Kiwanis Loop

I went back down to Kiwanis Loop

thinking maybe I'd find you there.

Instead I passed the same worn graffiti,

blue spray paint on the rock wall.

You took a picture of a white wildflower

and showed me how clear and beautiful it was.

The kids were tired,

so we backtracked up the hill.

You paused at the bottom for several minutes.

I was annoyed I had to wait.

Then you told me you had carved our initials

on a tree with lots of other peoples'.

I went back down to Kiwanis Loop,

the tree still stands at the bottom of the hill.

I paused for several minutes.

I touched the space you had carved out in the tree,

thinking maybe I'd find you there.

I looked at all the other peoples'

wondering if any (of them) had done the same.

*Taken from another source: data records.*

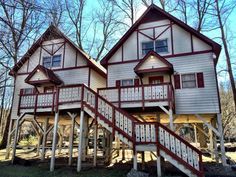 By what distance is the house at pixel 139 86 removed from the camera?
10625mm

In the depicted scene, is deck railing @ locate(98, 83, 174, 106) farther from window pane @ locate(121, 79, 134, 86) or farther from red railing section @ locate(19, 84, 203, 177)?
window pane @ locate(121, 79, 134, 86)

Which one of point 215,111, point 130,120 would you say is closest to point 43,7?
point 130,120

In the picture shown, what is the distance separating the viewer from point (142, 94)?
13.1m

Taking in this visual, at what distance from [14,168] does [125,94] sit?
8050 mm

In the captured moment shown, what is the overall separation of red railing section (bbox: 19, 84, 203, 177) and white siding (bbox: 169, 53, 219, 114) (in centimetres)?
225

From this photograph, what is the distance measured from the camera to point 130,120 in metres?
10.9

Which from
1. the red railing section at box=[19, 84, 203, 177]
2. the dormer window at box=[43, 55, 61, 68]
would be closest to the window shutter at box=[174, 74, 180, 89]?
the red railing section at box=[19, 84, 203, 177]

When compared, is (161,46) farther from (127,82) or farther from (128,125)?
(128,125)

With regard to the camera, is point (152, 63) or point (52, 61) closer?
point (152, 63)

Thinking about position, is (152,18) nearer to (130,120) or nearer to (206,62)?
(206,62)

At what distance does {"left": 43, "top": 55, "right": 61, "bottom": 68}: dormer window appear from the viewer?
61.0ft

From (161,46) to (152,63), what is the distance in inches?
71.4

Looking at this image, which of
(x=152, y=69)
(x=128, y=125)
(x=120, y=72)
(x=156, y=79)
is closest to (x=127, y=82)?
(x=120, y=72)

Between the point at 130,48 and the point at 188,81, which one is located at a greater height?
the point at 130,48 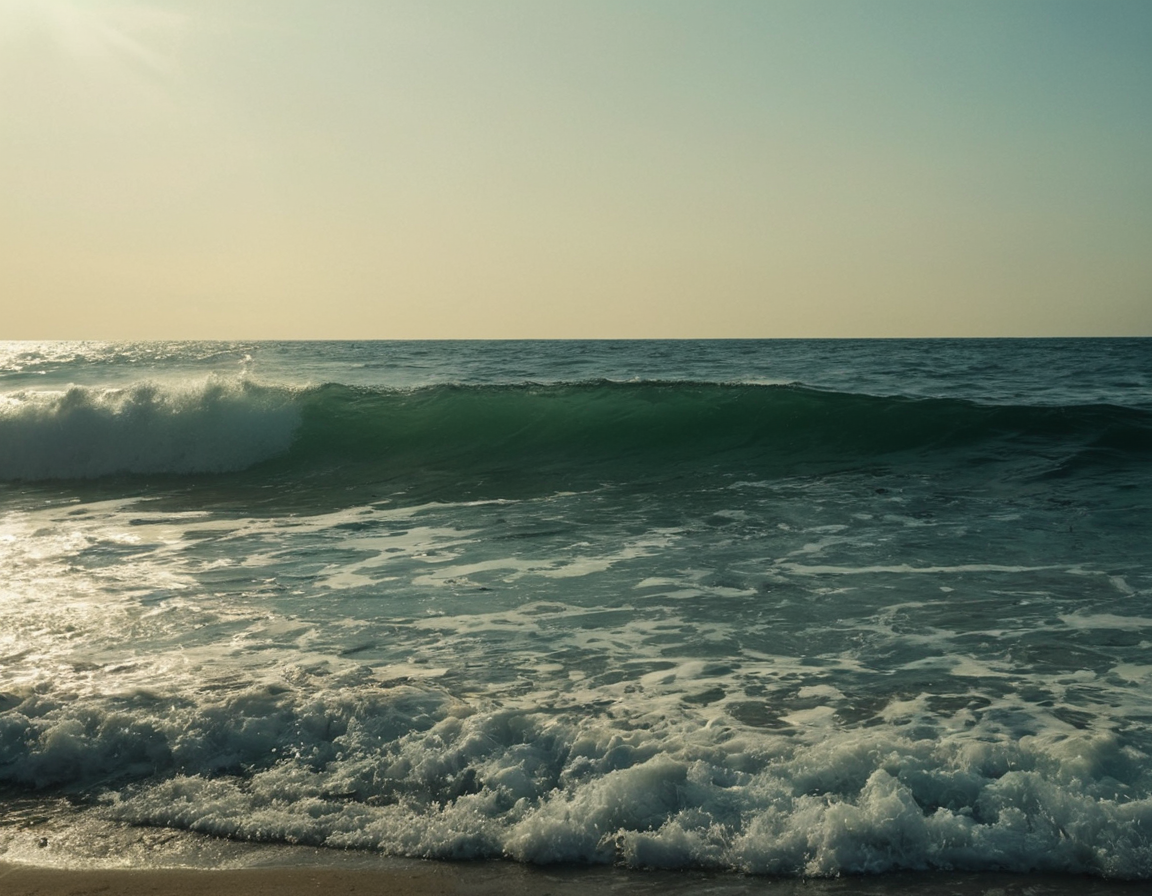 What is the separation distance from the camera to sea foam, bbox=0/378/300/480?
1560 cm

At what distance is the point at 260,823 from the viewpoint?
3711mm

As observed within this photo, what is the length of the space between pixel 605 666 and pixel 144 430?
1345 cm

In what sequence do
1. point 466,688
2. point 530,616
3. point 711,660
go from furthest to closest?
point 530,616 < point 711,660 < point 466,688

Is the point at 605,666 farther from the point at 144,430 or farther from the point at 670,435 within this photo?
the point at 144,430

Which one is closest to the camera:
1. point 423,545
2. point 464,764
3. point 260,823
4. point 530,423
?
point 260,823

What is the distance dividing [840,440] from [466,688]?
1099cm

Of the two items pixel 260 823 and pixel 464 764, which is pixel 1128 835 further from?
pixel 260 823

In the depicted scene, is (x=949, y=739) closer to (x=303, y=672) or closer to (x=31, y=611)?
(x=303, y=672)

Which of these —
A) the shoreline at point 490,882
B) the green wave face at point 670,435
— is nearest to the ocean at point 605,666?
the shoreline at point 490,882

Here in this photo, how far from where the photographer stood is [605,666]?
537cm

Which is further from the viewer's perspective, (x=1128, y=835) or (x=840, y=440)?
(x=840, y=440)

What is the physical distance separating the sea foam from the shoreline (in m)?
12.5

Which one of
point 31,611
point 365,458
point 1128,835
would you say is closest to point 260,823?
point 1128,835

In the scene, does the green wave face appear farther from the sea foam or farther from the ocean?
the sea foam
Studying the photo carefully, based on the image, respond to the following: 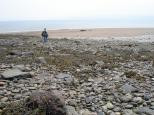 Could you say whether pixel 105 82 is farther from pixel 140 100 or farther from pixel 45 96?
pixel 45 96

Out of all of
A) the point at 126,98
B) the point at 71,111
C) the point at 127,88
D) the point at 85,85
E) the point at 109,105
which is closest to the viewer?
the point at 71,111

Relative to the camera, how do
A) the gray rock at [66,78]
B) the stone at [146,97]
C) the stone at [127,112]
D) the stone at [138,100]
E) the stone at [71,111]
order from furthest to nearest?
the gray rock at [66,78]
the stone at [146,97]
the stone at [138,100]
the stone at [127,112]
the stone at [71,111]

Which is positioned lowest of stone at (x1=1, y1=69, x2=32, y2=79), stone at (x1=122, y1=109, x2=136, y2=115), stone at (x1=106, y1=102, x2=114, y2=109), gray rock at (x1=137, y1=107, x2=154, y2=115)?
stone at (x1=122, y1=109, x2=136, y2=115)

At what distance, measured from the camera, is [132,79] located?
1362 centimetres

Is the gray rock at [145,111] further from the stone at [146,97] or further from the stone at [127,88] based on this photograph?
the stone at [127,88]

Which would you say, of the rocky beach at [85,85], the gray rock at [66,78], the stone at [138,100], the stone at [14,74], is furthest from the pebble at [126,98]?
the stone at [14,74]

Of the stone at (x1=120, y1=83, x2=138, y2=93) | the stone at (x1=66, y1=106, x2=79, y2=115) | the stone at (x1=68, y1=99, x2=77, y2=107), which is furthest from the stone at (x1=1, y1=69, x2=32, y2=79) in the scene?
the stone at (x1=120, y1=83, x2=138, y2=93)

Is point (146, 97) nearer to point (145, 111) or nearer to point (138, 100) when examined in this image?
point (138, 100)

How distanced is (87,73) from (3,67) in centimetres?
435

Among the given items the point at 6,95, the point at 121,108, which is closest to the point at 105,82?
the point at 121,108

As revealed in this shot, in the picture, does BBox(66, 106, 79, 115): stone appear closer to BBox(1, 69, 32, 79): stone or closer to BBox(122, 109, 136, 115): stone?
BBox(122, 109, 136, 115): stone

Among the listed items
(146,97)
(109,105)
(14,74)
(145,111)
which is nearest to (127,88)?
(146,97)

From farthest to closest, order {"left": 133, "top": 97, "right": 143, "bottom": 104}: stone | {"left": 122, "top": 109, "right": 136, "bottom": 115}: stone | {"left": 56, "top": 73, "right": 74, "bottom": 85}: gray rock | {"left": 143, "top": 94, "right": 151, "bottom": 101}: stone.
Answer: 1. {"left": 56, "top": 73, "right": 74, "bottom": 85}: gray rock
2. {"left": 143, "top": 94, "right": 151, "bottom": 101}: stone
3. {"left": 133, "top": 97, "right": 143, "bottom": 104}: stone
4. {"left": 122, "top": 109, "right": 136, "bottom": 115}: stone

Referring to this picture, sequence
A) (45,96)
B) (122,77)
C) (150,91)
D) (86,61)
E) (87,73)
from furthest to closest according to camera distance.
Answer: (86,61) < (87,73) < (122,77) < (150,91) < (45,96) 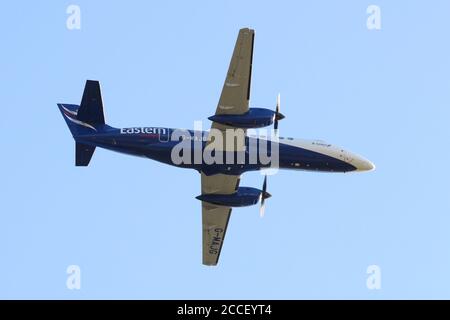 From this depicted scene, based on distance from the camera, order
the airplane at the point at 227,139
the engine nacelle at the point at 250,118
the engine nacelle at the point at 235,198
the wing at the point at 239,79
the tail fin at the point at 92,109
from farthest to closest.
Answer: the engine nacelle at the point at 235,198 → the tail fin at the point at 92,109 → the engine nacelle at the point at 250,118 → the airplane at the point at 227,139 → the wing at the point at 239,79

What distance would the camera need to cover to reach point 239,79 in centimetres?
4906

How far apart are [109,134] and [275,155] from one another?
30.6 feet

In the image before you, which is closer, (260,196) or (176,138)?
(176,138)

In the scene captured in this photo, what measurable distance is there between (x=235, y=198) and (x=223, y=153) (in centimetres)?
412

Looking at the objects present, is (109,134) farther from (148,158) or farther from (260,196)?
(260,196)

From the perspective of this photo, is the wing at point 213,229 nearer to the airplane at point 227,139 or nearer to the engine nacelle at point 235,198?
the engine nacelle at point 235,198

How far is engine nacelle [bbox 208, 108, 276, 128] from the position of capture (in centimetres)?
5025

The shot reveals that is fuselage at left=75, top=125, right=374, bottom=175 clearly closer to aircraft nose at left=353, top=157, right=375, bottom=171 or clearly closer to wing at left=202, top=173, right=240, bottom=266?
aircraft nose at left=353, top=157, right=375, bottom=171

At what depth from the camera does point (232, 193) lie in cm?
5478

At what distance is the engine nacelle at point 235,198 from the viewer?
5431 cm

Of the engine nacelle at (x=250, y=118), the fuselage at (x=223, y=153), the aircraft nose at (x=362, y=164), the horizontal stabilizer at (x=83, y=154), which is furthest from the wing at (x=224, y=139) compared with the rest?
the aircraft nose at (x=362, y=164)

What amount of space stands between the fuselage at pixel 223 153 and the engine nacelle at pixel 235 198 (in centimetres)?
216

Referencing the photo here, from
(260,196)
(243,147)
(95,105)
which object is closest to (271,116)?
(243,147)

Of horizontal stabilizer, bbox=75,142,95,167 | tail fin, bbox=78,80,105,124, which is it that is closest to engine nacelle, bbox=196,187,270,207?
horizontal stabilizer, bbox=75,142,95,167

I walked down the dampened, muddy trail

alone.

White, purple and yellow wildflowers,

the season slow in bloom.

The trilling of the birds, singing to my melancholy.

I found a path dug out of the earth

to walk down to a rock ledge on the creek.

As I sat there I watched

the millions of insects dancing on the water,

pinging off the surface.

I heard several fish come up, slapping the surface, maybe taking a breath.

Though they both touched there,

they would never meet each other.

A mosquito floated down onto my hand,

as if to say hello.

It floated off just as quickly as it came,

as the wind picked up speed, rustling through the trees.

I felt the wind on my face,

I listened to its song,

and the babbling, trickling water as it flowed by,

ripples of sunlight shimmering on its surface.

Past an embankment and up over a hill,

through the beech trees and the birch trees,

the sun shone glimmering free.

I watched its shape change through

the branches and the leaves.

I sat there in the stillness and watched the sun set,

slowly sinking

down behind the hill until it was gone.